---------- SOURCE RECORDS

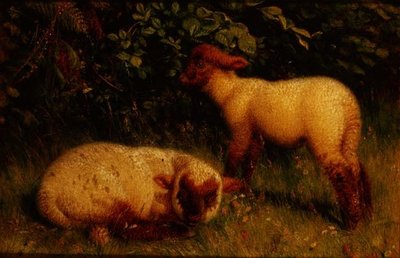 Lamm av William J. Webbe or Webb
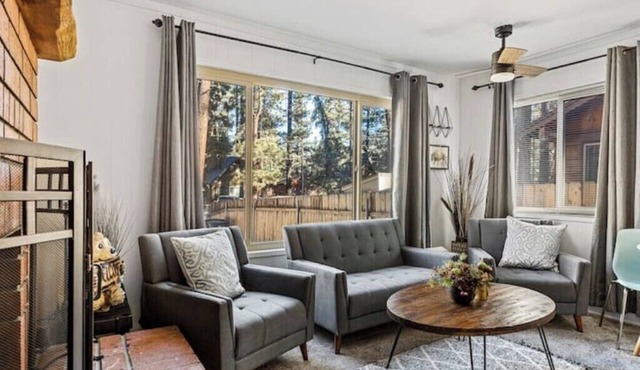 Tiny Cabin BBQ FirePit Walk 2 Snowplay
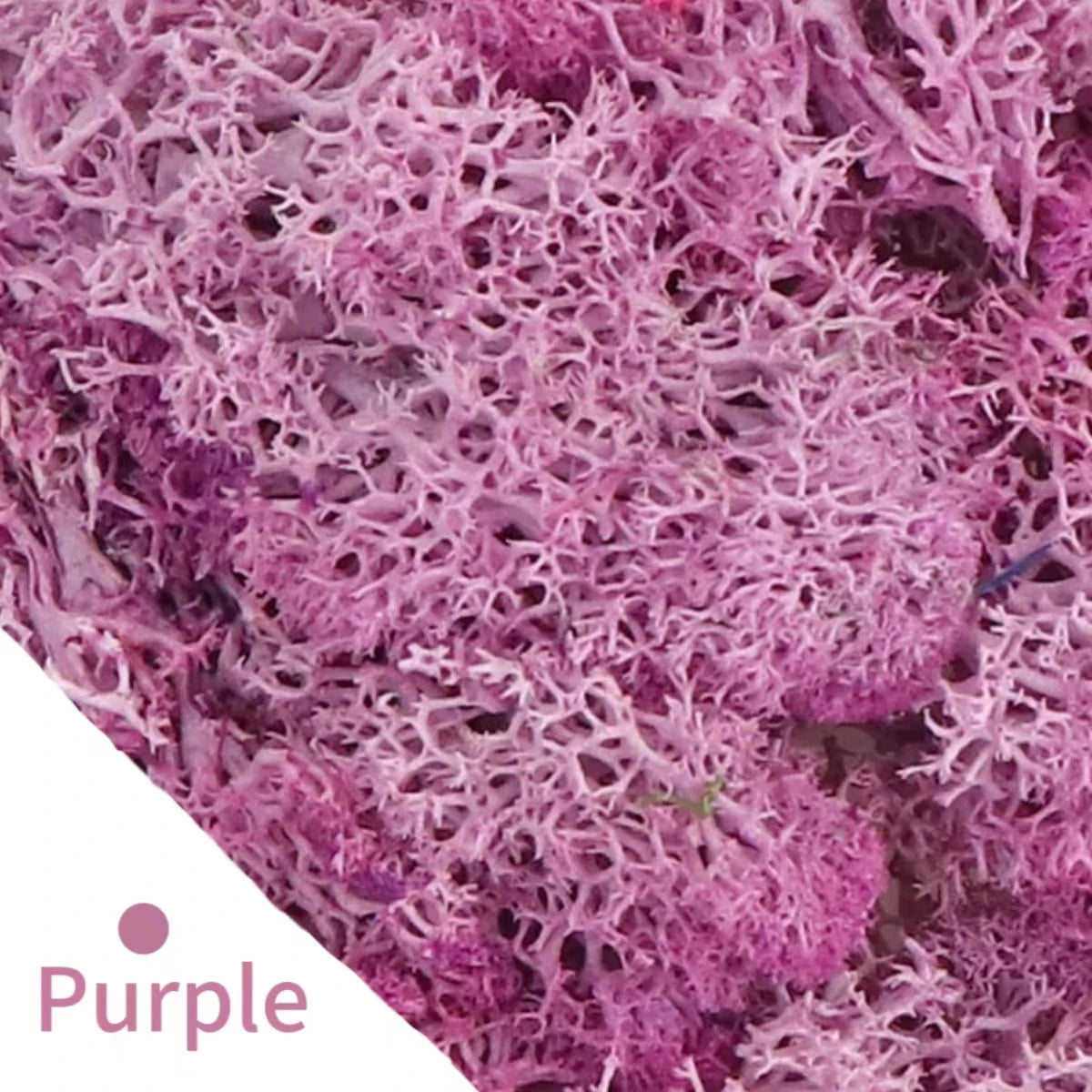 48640855834931|48640856064307|48640856129843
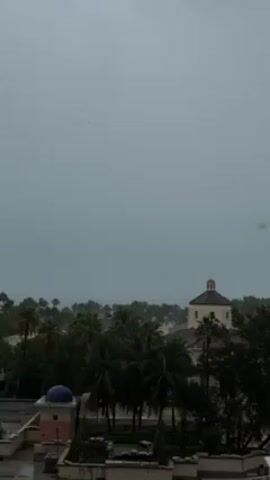 The video presents an overcast outdoor scene of a cityscape, with buildings, trees, and foliage. Dominating the view is a structure with a dome-shaped roof located towards the right of the frame. To the left is another building with a distinct dome, suggesting an architectural theme within the setting. 

The sky is uniformly gray, indicative of heavy cloud cover and potentially rainy conditions. The foliage and trees appear dark and dense, adding to the somber atmosphere. Palm trees are interspersed among the greenery, suggesting a tropical or subtropical location.

There are no visible people in the shot. The camera angle appears to be from an elevated position, possibly a high-rise building, overlooking the urban landscape. The scene suggests a moment of stillness or a calm before or after a storm, characterized by muted colors and a lack of vibrant activity.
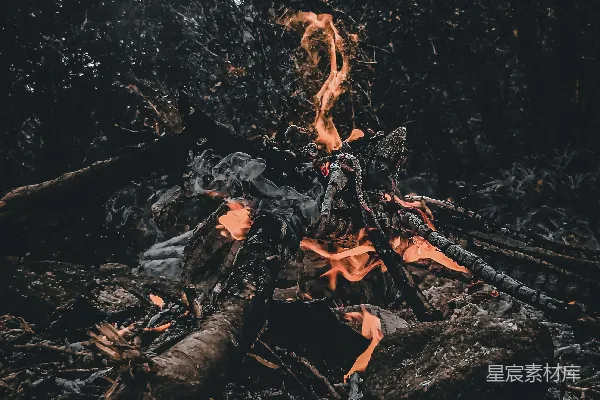高清摄影 森林中央燃烧的火焰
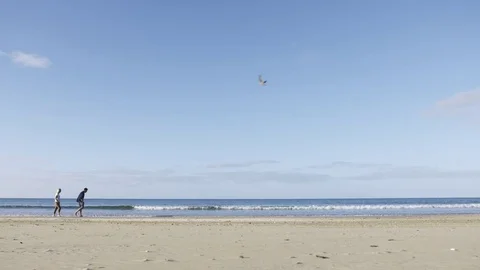 Couple Walking on Beach Stock Footage 82697806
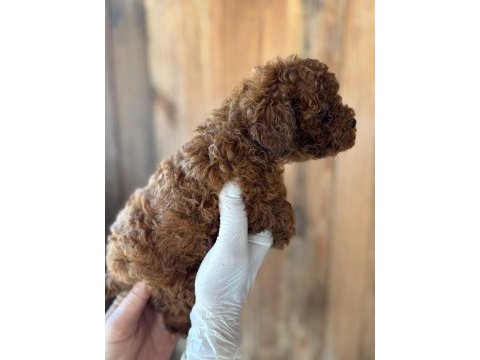 Poodle yavrular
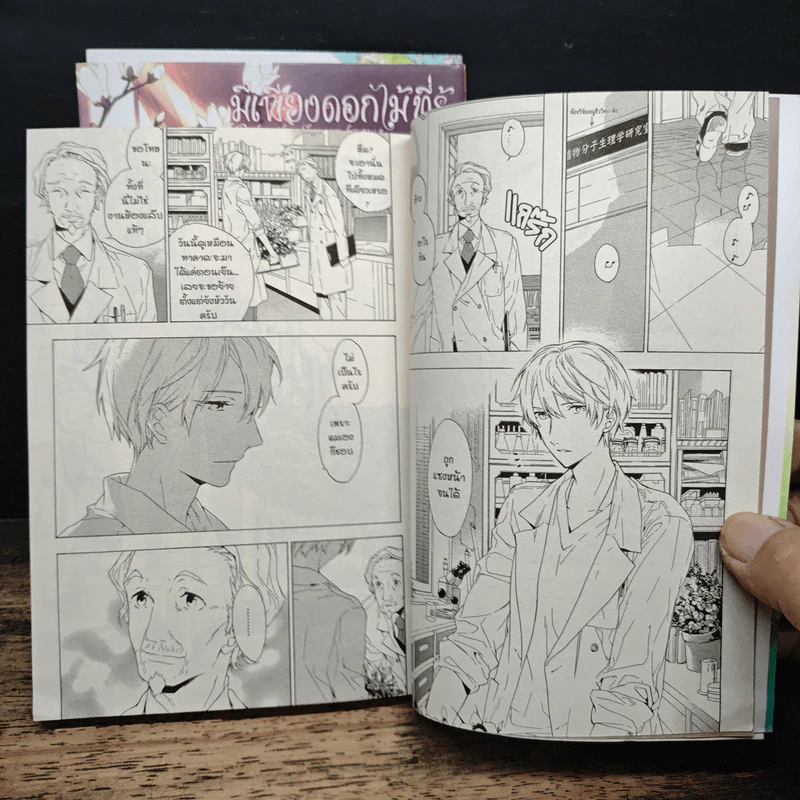 การ์ตูนวาย มีเพียงดอกไม้ที่รู้ 3 เล่มจบ รูปที่ 7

--------------------

> [EXERCISE] Reproduce only the lines from the first line of the listing above up to and including the line that holds "48640855834931|48640856064307|48640856129843". Omit the pictures.

> [ANSWER BELOW]
 Lamm av William J. Webbe or Webb
 Tiny Cabin BBQ FirePit Walk 2 Snowplay
 48640855834931|48640856064307|48640856129843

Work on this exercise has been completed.